Fitch-style modal lambda calculi (Borghuis 1994; Clouston 2018) provide a solution to programming necessity modalities in a typed lambda calculus by extending the typing context with a delimiting operator (denoted by a lock). The addition of locks simplifies the formulation of typing rules for calculi that incorporate different modal axioms, but obscures weakening and substitution, and requires tedious and seemingly ad hoc syntactic lemmas to prove normalization.

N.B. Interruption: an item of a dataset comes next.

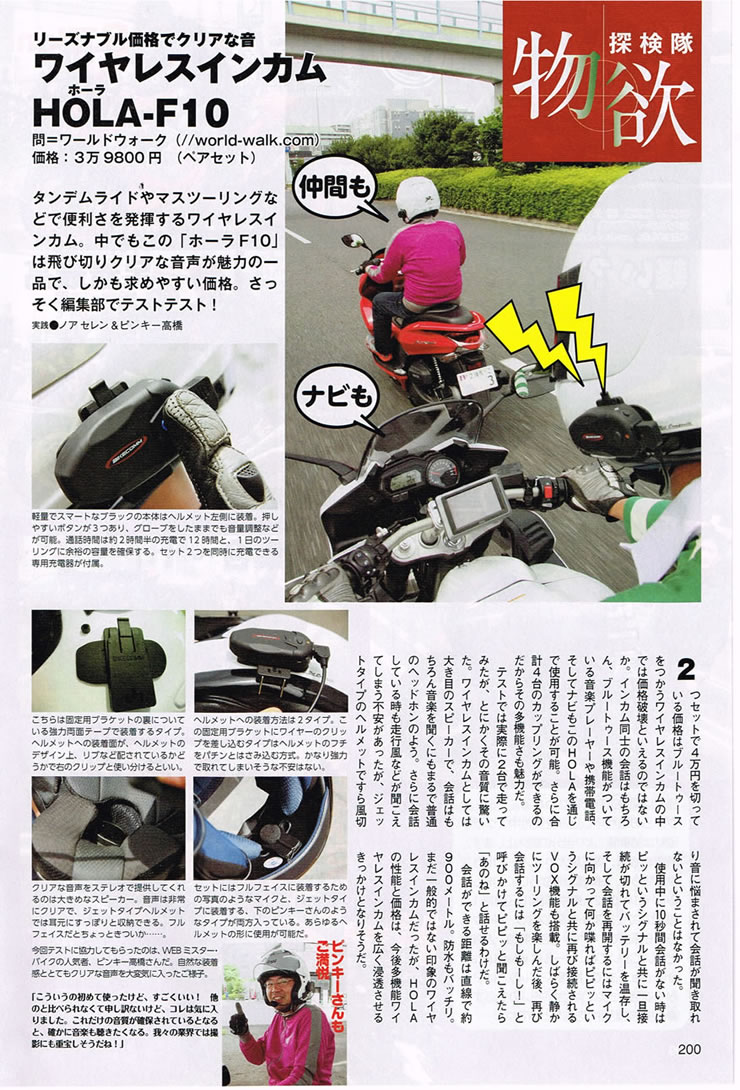 バイク用インカム hola_7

In this work, we take a semantic approach to normalization, called Normalization by Evaluation (NbE) (Berger and Schwichtenberg 1991), by leveraging the possible world semantics of Fitch-style calculi. We show that NbE models can be constructed for calculi that incorporate the K, T and 4 axioms, with suitable instantiations of the frames in their possible world semantics. In addition to existing results that handle beta reduction (or computational rules), our work also considers eta expansion (or extensional equality rules).

References:

  • Borghuis, V.A.J. (1994). “Coming to terms with modal logic : on the interpretation of modalities in typed lambda-calculus”.
  • Clouston, Ranald (2018). “Fitch-Style Modal Lambda Calculi”.
  • Berger, Ulrich and Helmut Schwichtenberg (1991). “An Inverse of the Evaluation Functional for Typed lambda-calculus”.